Re: voiD 1.0 guide comments

Jiri,

Thanks for the feedback.

On 1 Feb 2009, at 21:03, Jiri Prochazka wrote:
> In the article I haven't found a solid definition of what is a dataset
> and when to use another dataset/subset. I think this has to be clearly
> defined.

“A dataset in voiD (void:Dataset) is a collection of data, which is:
- published and maintained by a single provider, and
- available as RDF, and
- accessible, for example, through dereferenceable HTTP URIs or a  
SPARQL endpoint.”

I think this is as clear as it's possible without becoming overly  
constraining.

> From what I understood, the publisher which is the "primary key" of
> datasets.

It's three points, see above.

> I think that it should be emphasized that categorizing datasets should
> only be used, if the data in it are somewhat homogeneous - the
> categorization applies to all of it.

Categorization is an art that is way older than voiD, and we don't  
want tell people how to do it properly! And I definitely don't agree  
with you when you say that “a categorization must apply to all of the  
dataset”. For example, I think it would be absolutely adequate to say  
that DBpedia is about people and geography, because it is a sizable  
and valuable resource for both those areas, even though it also  
contains data about lots of other things.

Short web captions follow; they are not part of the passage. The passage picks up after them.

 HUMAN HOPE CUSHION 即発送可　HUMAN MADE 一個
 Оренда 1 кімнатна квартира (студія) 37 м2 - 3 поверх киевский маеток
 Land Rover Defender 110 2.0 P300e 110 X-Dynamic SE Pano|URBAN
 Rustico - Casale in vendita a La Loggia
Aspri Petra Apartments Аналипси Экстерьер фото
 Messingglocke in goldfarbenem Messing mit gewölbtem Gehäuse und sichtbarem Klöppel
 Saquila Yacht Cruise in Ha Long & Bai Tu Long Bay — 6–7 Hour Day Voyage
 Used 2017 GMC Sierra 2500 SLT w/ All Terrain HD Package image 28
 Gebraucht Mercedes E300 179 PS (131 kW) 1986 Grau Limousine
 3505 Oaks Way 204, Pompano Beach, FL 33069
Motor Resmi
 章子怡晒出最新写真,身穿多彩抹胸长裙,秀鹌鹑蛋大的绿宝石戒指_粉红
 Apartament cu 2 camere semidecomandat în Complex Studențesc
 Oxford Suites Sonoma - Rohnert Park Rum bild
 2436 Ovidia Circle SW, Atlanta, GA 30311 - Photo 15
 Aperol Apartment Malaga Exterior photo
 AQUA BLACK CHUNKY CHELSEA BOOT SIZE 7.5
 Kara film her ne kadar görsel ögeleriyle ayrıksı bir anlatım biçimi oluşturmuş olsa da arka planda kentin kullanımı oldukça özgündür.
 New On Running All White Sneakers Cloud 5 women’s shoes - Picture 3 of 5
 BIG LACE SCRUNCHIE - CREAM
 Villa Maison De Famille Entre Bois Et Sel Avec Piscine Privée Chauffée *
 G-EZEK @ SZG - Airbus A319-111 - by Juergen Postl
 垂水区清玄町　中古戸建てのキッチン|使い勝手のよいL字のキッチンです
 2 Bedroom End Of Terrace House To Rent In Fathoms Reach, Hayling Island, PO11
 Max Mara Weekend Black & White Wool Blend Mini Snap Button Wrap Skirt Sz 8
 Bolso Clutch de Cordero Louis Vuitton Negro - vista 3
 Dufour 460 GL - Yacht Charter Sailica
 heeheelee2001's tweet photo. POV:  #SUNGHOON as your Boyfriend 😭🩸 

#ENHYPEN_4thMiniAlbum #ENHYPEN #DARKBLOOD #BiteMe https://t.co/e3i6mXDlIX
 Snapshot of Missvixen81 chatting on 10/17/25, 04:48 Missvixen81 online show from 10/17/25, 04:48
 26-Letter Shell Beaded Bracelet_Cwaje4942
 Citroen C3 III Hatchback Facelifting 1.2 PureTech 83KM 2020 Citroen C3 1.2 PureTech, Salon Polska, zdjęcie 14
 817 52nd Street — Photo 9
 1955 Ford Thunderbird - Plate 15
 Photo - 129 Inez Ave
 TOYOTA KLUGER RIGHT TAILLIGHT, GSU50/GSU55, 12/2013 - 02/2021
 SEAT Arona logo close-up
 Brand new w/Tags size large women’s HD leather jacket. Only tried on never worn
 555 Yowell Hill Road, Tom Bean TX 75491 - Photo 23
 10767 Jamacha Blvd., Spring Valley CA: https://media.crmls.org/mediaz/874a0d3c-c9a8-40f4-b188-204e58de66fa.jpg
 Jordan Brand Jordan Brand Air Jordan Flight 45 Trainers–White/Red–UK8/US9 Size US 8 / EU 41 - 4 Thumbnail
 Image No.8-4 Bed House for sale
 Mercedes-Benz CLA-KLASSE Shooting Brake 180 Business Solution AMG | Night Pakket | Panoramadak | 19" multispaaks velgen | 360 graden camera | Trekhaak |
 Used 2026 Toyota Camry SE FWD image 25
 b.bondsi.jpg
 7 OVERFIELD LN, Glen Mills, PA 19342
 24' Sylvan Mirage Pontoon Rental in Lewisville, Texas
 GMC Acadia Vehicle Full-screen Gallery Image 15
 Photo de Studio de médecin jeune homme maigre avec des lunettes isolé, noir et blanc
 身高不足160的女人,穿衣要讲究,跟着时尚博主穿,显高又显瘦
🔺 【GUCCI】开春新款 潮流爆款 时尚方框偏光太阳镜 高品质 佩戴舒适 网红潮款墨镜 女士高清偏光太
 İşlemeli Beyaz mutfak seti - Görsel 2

> I guess the categorization it is fairly unusable in use cases like
> personal website, because the information are various...

Well, http://dbpedia.org/resource/Personal_web_page might be a nice  
subject here. (Assuming that you do have some interesting RDF on your  
site!)

(I note with regret that the Wikipedia article on “Random stuff” has  
been deleted, it would make for another nice DBpedia resource...)

> Another thing - dataset partitioning. Combination of dataset
> categorization and partitioning led me to great confusion - I have
> thought voiD also wanted to categorize the data in the dataset.
> Better to put a notice that partitioning should be used carefully and
> that it was designed for mirroring of datasets.

I don't understand. “I have thought voiD also wanted to categorizing  
the data in the dataset” -- yes, that IS what we want. “partitioning  
was designed for mirroring of datasets” -- no, it was designed for  
cases where voiD authors want to say something about just a part of  
the dataset, and not about the entire dataset, for whatever reason.

Best,
Richard



>
>
> Best regards,
> Jiri Prochazka
>
>
> PS: Please send the replies also directly to me, as I am not  
> subscribed
> to this list.
>

Received on Monday, 2 February 2009 00:44:57 UTC